The House version of the bill would require that the U.S. Coast Guard conduct a study and recommend appropriate levels of security on passenger vessels. The study would take into consideration the number of passengers aboard the ships, the number of crew members, the working conditions, and the length of the voyages. The Senate version does not include this measure.
The Senate version of the bill would require that the owner of a cruise ship provide a “security guide” to each passenger. This guide would provide information on how to contact medical and security personnel in case of criminal or medical situations. The guide would also set out how passengers can pursue criminal matters through local law enforcement. In the Senate version, cruise lines would have to post, in each passenger room and in public areas, a list of the locations of U.S. embassies and consulates for each country the vessel will visit during the voyage.
COMMUNICATIONS. A bill (H.R. 1258) would make it illegal to cause any caller ID service to transmit misleading or inaccurate caller identification, known as “spoofing,” with intent to defraud or deceive. The bill has been approved by the House of Representatives. The Senate has announced that it will consider the bill.

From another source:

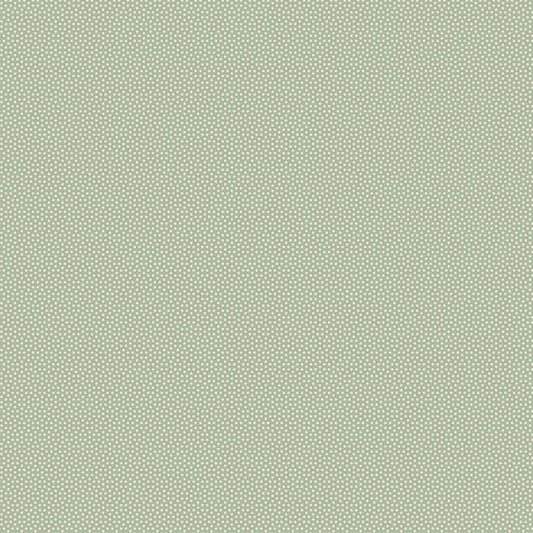 Tilda- PoppySeed Mist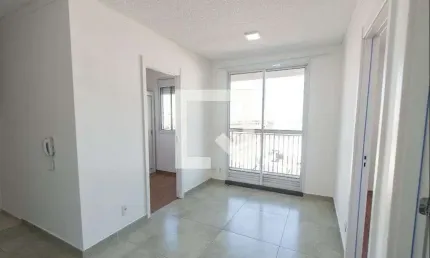 Apartamento para aluguel - cambuci, 2 quartos,  38 m² - são paulo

DISASTER MANAGEMENT. A bill (S. 3249) that would renew a grant program designed to help state and local governments prepare for disasters has been approved by the Senate Homeland Security and Governmental Affairs Committee. To proceed, the measure must now be taken up by the full Senate.

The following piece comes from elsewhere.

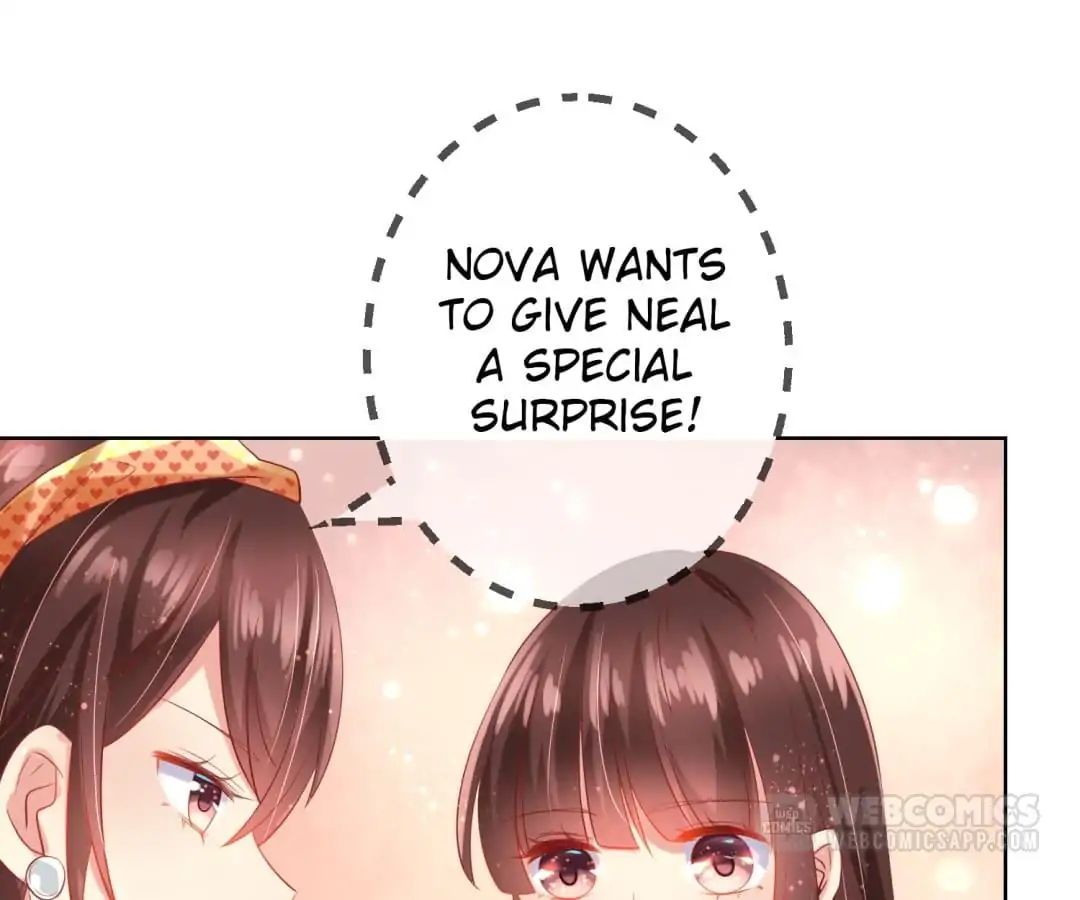 Popular Deskmate is A Cat chapter 75 - page 26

The competitive grant program would provide grants to state and local governments for projects that mitigate damage from natural disasters such as hurricanes and floods. A 2007 study of the program by the Congressional Budget Office found that the program is successful. For every $1 spent on the program, the federal government saved $3.
EMPLOYMENT. A new Alabama law (formerly H.B. 37) will allow the state superintendent of education to revoke the teaching certificate of any teacher convicted of felony sex offenses or sexual abuse of a child. Under the law, if such a conviction is overturned, the certificate will be reinstated and the local board of education may choose to return the teacher to his or her previous position. Even if the teacher is not rehired, he or she will receive back pay and benefits.
RFID. Oklahoma’s governor has vetoed a bill (H.B. 2569) that would have prohibited the use of RFID technology in state drivers’ licenses or state identification cards. The bill would have outlawed RFID tags as well as “any type of RFID ink in any format or configuration.”
This column should not be construed as legal or legislative advice.